TASK: In the data below, find the line containing "Entrega Diego Castañon" and the line containing "4 bedroom Villa", then reproduce them and every line between, exactly. Omit pictures.

RECORDED DATA:
==*==

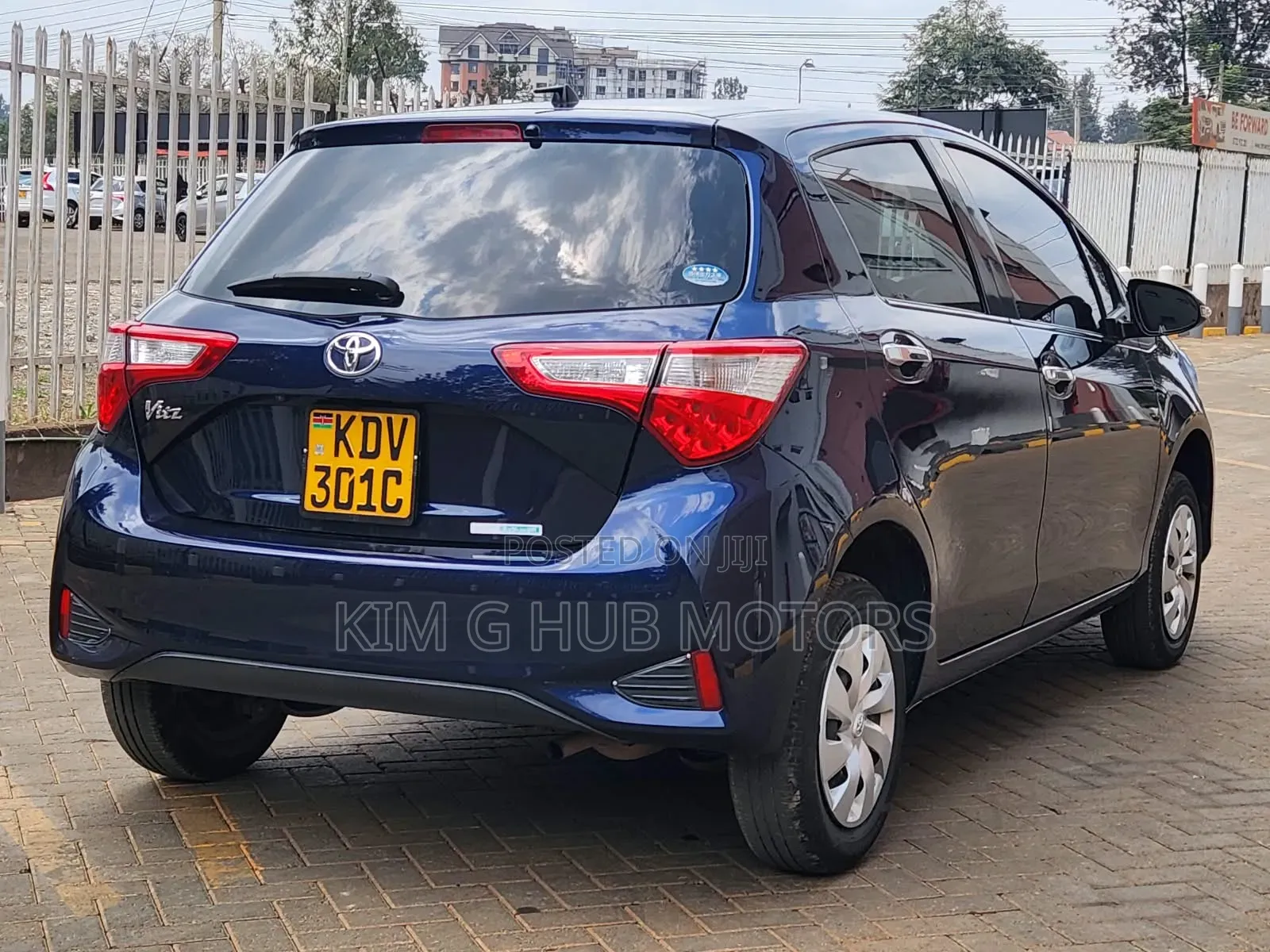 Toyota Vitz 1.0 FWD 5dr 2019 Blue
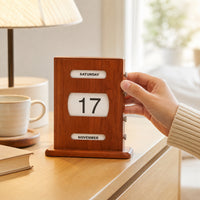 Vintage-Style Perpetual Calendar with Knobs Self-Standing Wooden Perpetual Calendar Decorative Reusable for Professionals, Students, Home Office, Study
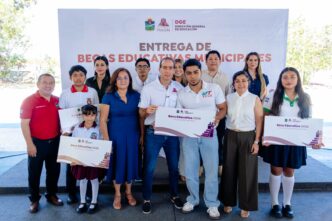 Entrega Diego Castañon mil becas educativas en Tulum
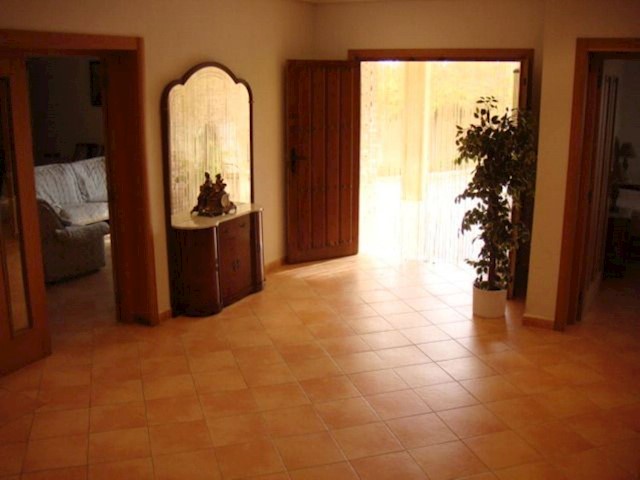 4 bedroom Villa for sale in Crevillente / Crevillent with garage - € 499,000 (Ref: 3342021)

==*==

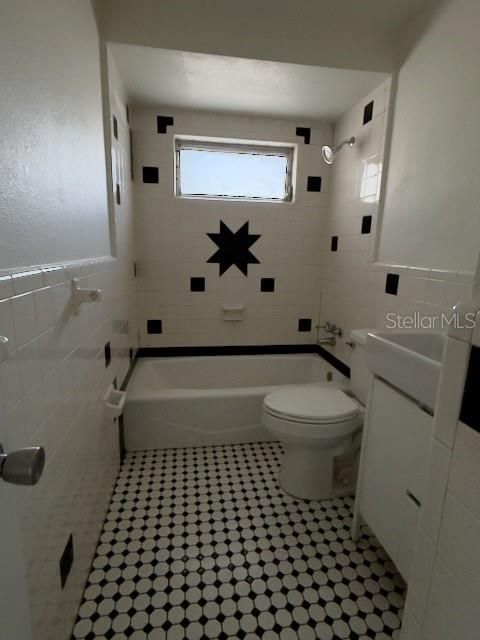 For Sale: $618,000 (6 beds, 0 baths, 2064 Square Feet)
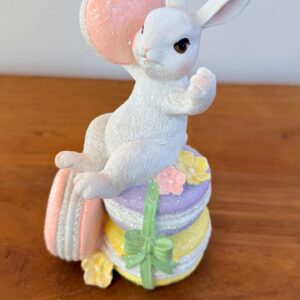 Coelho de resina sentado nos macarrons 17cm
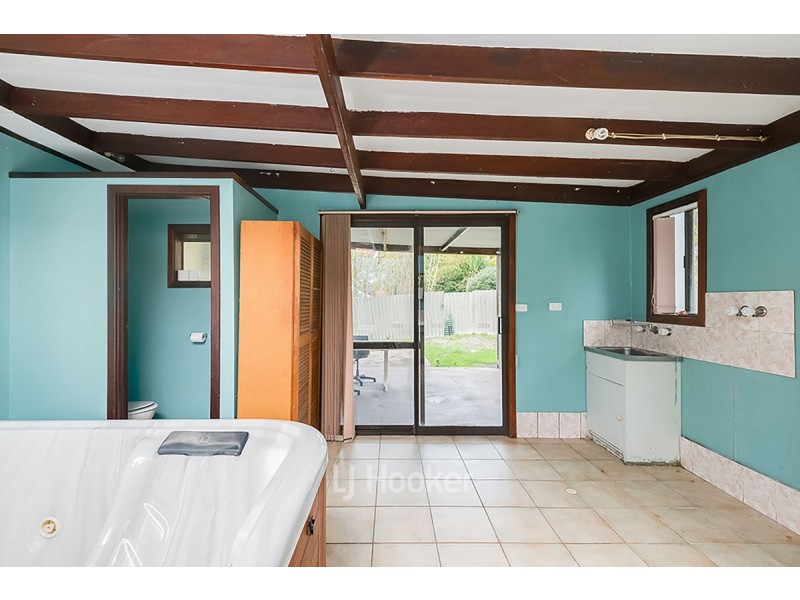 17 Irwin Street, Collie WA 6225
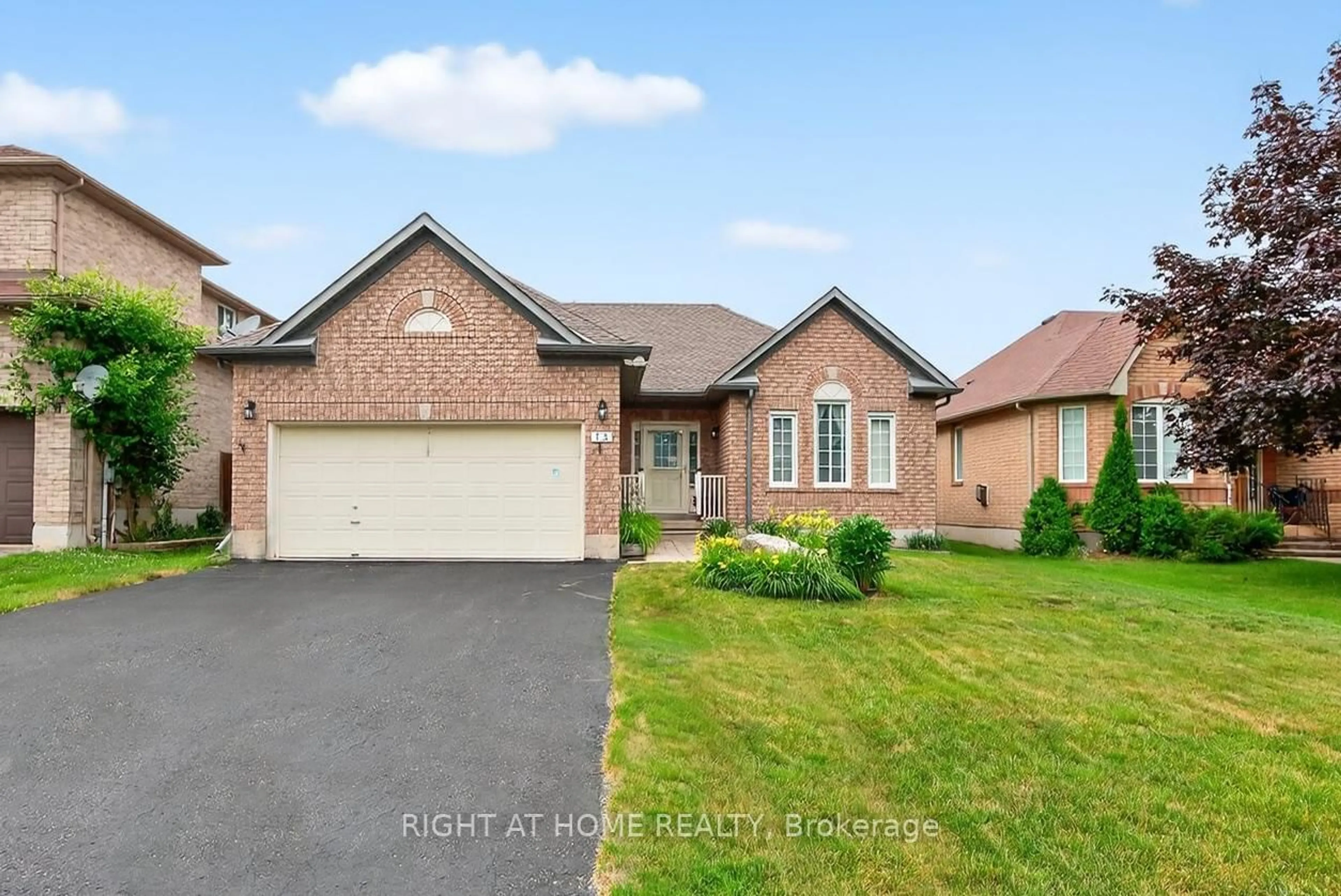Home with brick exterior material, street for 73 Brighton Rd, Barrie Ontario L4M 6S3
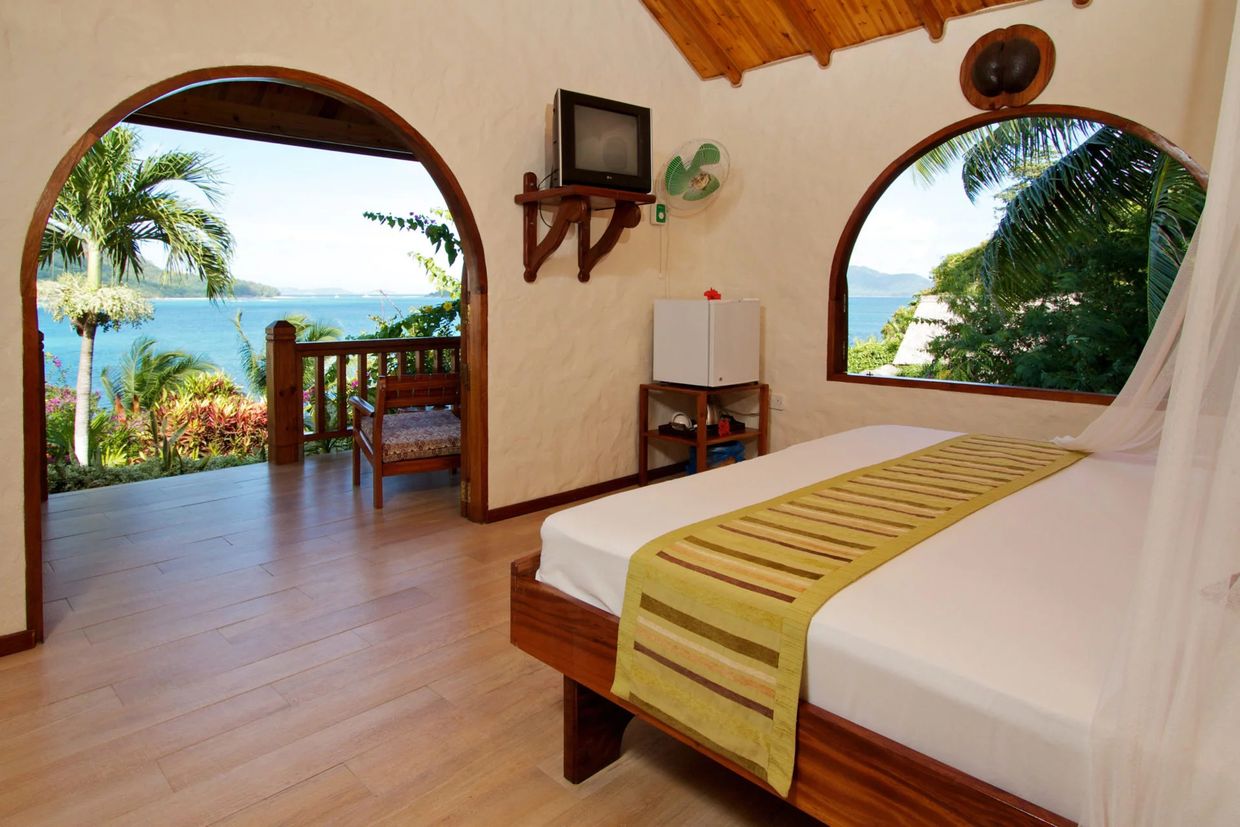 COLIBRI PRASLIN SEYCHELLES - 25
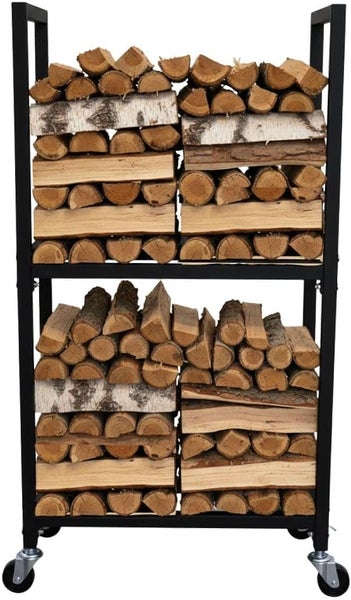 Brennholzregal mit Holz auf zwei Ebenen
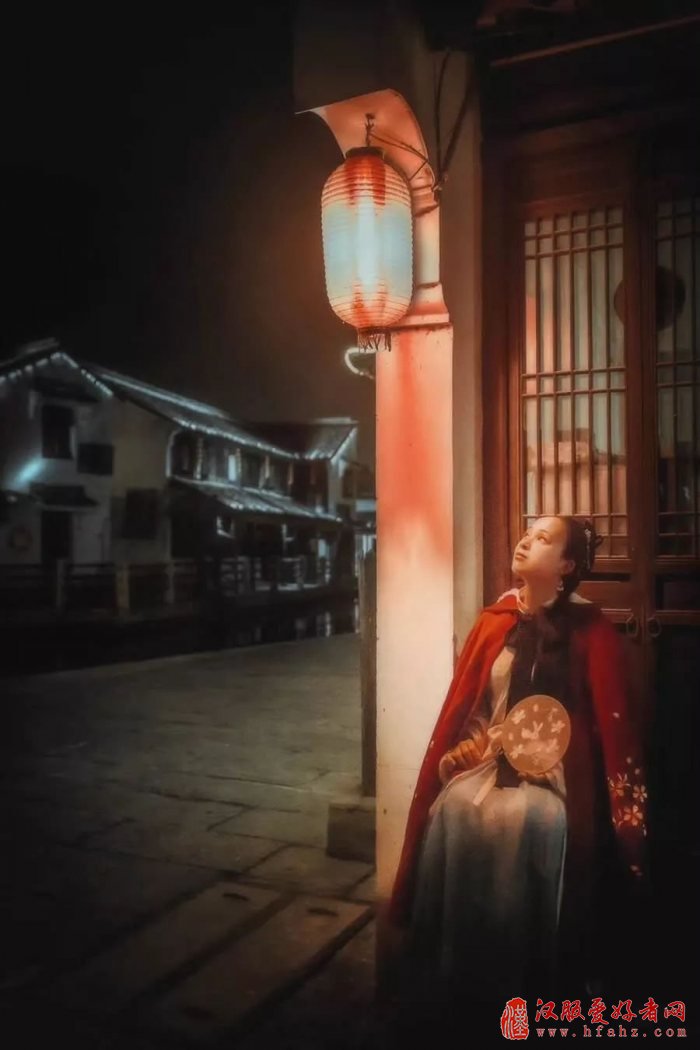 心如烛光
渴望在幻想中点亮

==*==

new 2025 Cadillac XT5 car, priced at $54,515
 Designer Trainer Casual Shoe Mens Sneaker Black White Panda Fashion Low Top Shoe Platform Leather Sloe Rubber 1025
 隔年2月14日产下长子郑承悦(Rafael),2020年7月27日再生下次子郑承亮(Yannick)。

==*==

OUTPUT:
 Entrega Diego Castañon mil becas educativas en Tulum
 4 bedroom Villa for sale in Crevillente / Crevillent with garage - € 499,000 (Ref: 3342021)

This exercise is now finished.